Tahlequah Daily Press


April 16, 2013

Johnson aims for positive learning lessons

TAHLEQUAH — Teachers are often inspired to choose their profession because of their own early experiences as students in the classroom. Later, they want to encourage other students and pass on the positive learning lessons.

Central Academy teacher Marketta Johnson was encouraged by her eighth-grade English teacher because the class was difficult, and she learned a lot.

“She taught in a way that allowed and forced creative thinking. It opened my eyes to a new way of looking at things, and it changed my life,” said Johnson.

Johnson is a 1996 graduate of McAlester High School, and she earned Bachelor of Arts in Education, in English education, from Northeastern State University in 2001.

He first teaching job was at Indianola, a small school a few miles north of McAlester. She taught junior high and high school English and reading, eighth-grade science and history, and then moved on to Muskogee’s Rougher Alternative Academy, teaching high school English and humanities.

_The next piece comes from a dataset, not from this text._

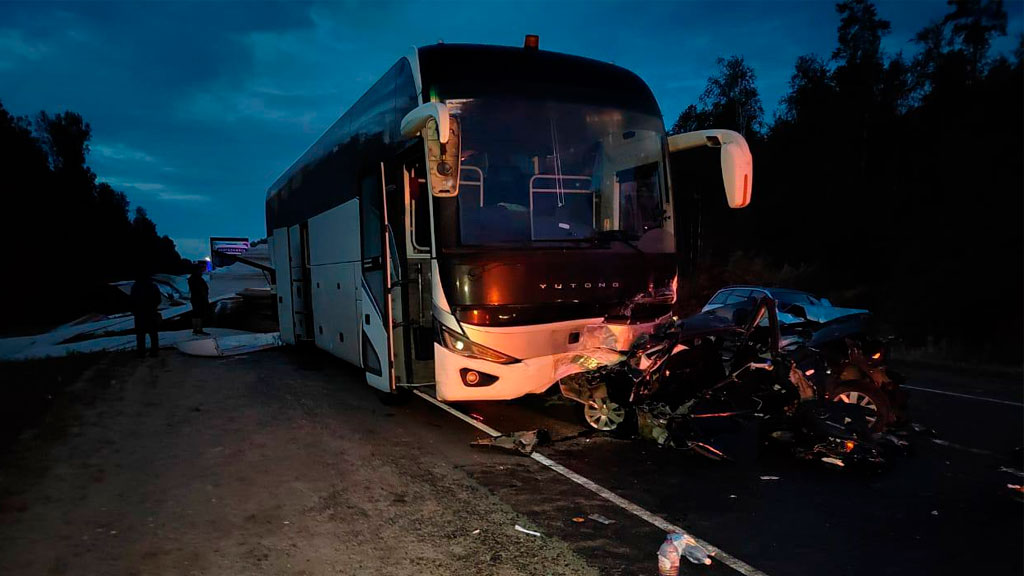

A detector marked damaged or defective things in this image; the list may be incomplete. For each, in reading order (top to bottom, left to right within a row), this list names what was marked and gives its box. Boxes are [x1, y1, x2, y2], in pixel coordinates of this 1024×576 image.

wrecked car [561, 295, 905, 467]
wrecked car [700, 284, 868, 325]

Johnson was recently named Central Academy 2013 Teacher of the Year. She also teaches at the Cherokee County Regimented Education Academy, educates home-bound students, and works as a morning and afternoon bus monitor.

“As Teacher of the Year for Central, the faculty and staff gave me a gift with movies, gift cards and a gnome reading a book. I also received a plaque,” she said, “The students made signs and congratulated me throughout the day. I am honored to be chosen as Central Academy’s Teacher of the Year. It is nice to be recognized by my peers.”

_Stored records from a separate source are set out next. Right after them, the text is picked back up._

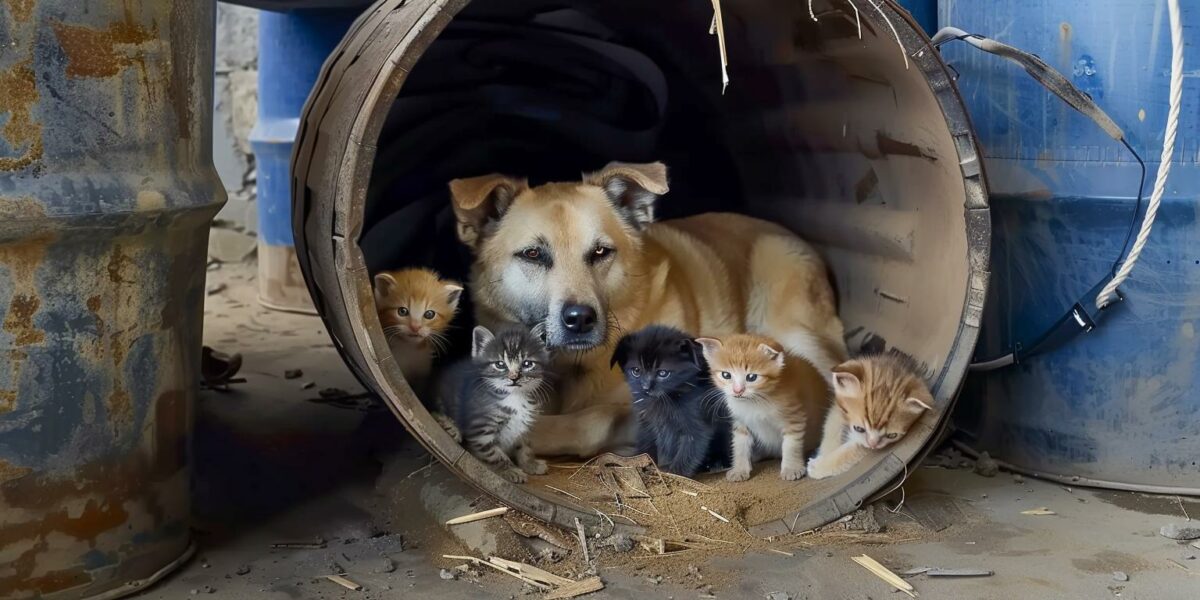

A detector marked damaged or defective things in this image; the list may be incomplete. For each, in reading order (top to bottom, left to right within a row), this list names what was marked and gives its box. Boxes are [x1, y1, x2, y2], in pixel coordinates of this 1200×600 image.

rust stain [1, 0, 34, 22]
rust stain [51, 17, 156, 79]
rust stain [0, 58, 43, 172]
rust stain [2, 292, 43, 345]
rusted metal drum [0, 2, 223, 597]
rusty metal barrel [0, 2, 223, 597]
rusted metal drum [288, 0, 984, 535]
rusty metal barrel [290, 0, 984, 535]
rust stain [0, 458, 30, 482]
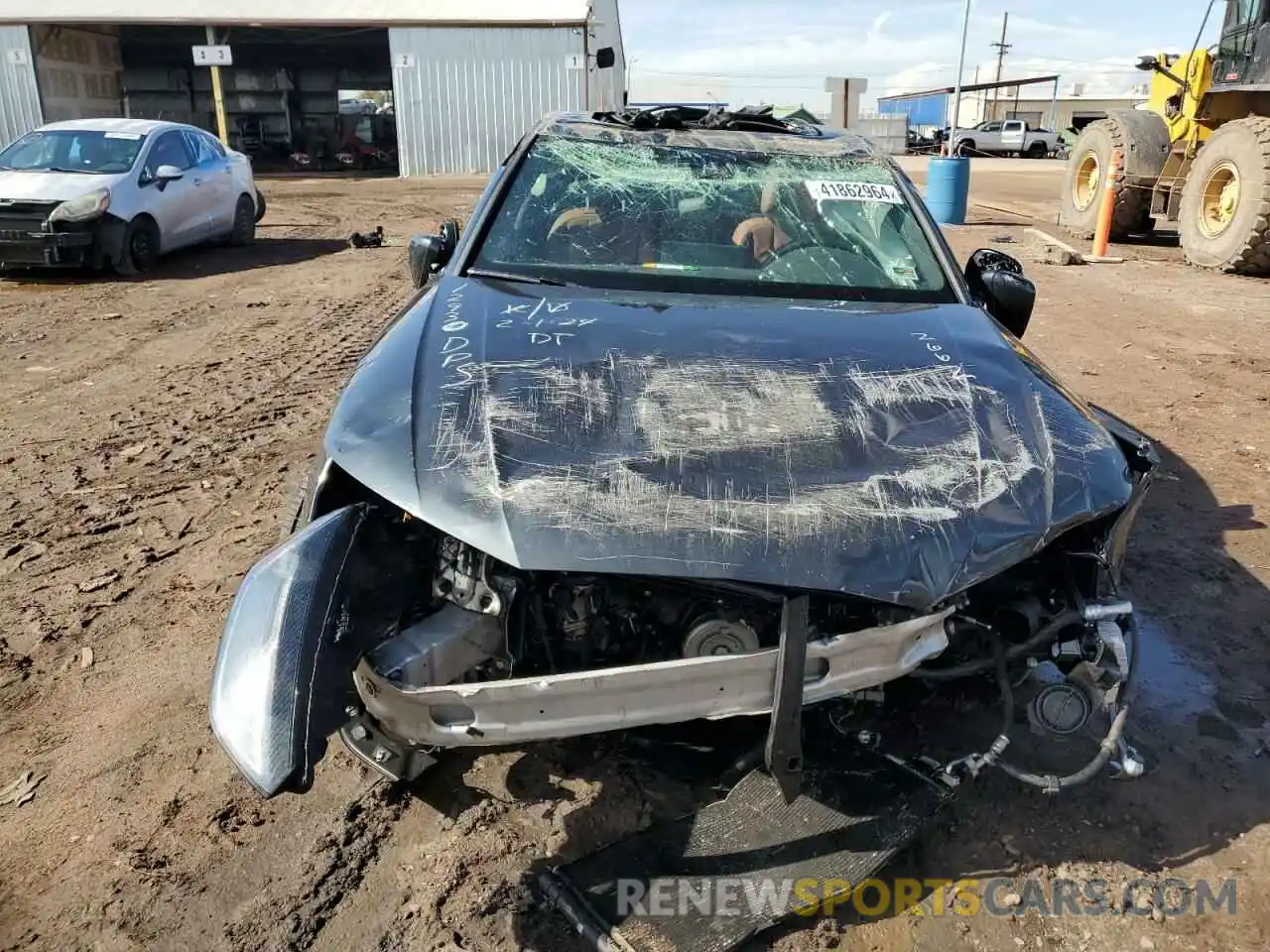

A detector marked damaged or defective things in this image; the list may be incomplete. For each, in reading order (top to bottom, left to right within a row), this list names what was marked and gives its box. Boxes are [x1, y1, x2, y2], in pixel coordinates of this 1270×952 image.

shattered windshield [0, 128, 147, 174]
detached headlight [49, 191, 110, 225]
white damaged car [0, 117, 265, 275]
shattered windshield [474, 134, 954, 301]
wrecked gray sedan [210, 105, 1163, 807]
crumpled car hood [324, 275, 1132, 611]
detached headlight [207, 508, 368, 796]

Johnson became a teacher in hopes she could help shape students into well-rounded, well-read adults, who can form their own opinions about things and feel confident expressing those opinions.

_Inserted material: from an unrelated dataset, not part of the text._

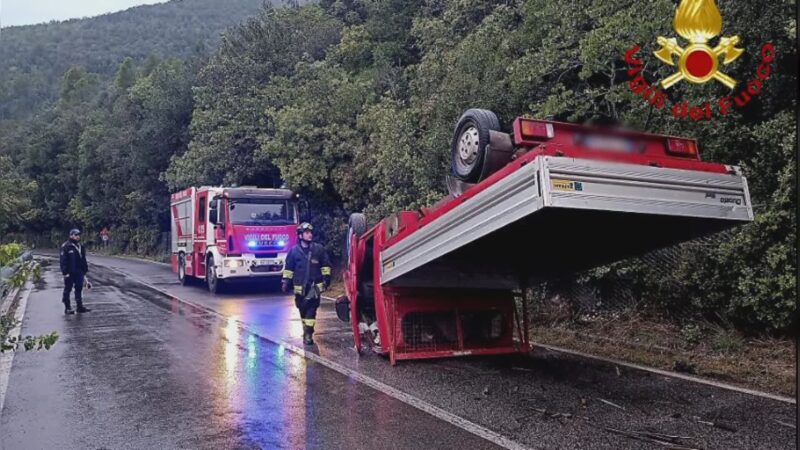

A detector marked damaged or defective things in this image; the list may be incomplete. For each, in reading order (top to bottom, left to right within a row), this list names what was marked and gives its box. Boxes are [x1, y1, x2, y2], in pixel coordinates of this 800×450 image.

“I don’t want my students to be afraid or embarrassed to be themselves,” she said. “If you truly believe in something, learn the facts and stand up for your belief. Think things through and be cautious. Never let anyone deceive you into thinking you are less than you are.”

To help students embrace the subject at hand, she tries to find selections that are especially interesting to read.

“If they don’t enjoy the material, they will tune out. I don’t want that, so I try to ensure that it is interesting and has some relevance to life today,” Johnson said.

The classroom day begins meeting in the computer lab and with morning announcements.

“I enjoy the subject of English, because I feel it not only allows for a creative means of expression, but it also provides the structure for everyday communication,” she said.

She enjoys her subject, but also cares about the students at Central.

“Working at an alternative school is a challenge; it can take an emotional toll on you. In this case, however, the rewards outweigh the hardships,” she said.

Seeing a student who has struggled through life and school, for whatever reason, is difficult.

“I believe working so very hard to succeed and achieve makes their successes all the sweeter. When they succeed, I feel that I succeed as well,” Johnson said.

Hearing the students’ opinions about life and literature is another appeal of teaching for Johnson.

“They sometimes vary greatly from my own opinions,” she said, “Sometimes they can change my way of thinking about a subject. That is my favorite part of teaching. I love it when a student is able to make me look at something in a new way.”

Johnson also appreciates her co-workers.

“I think we all get along well and have the same goals in mind. We all want our students achieve more than they dreamed possible,” she said.

A good teacher acts as a role model, said Johnson.

“I believe a good teacher is someone – anyone – who wants and strives for the best effort from someone else,” she said.

She advises new teachers to just dive in and go for their goals.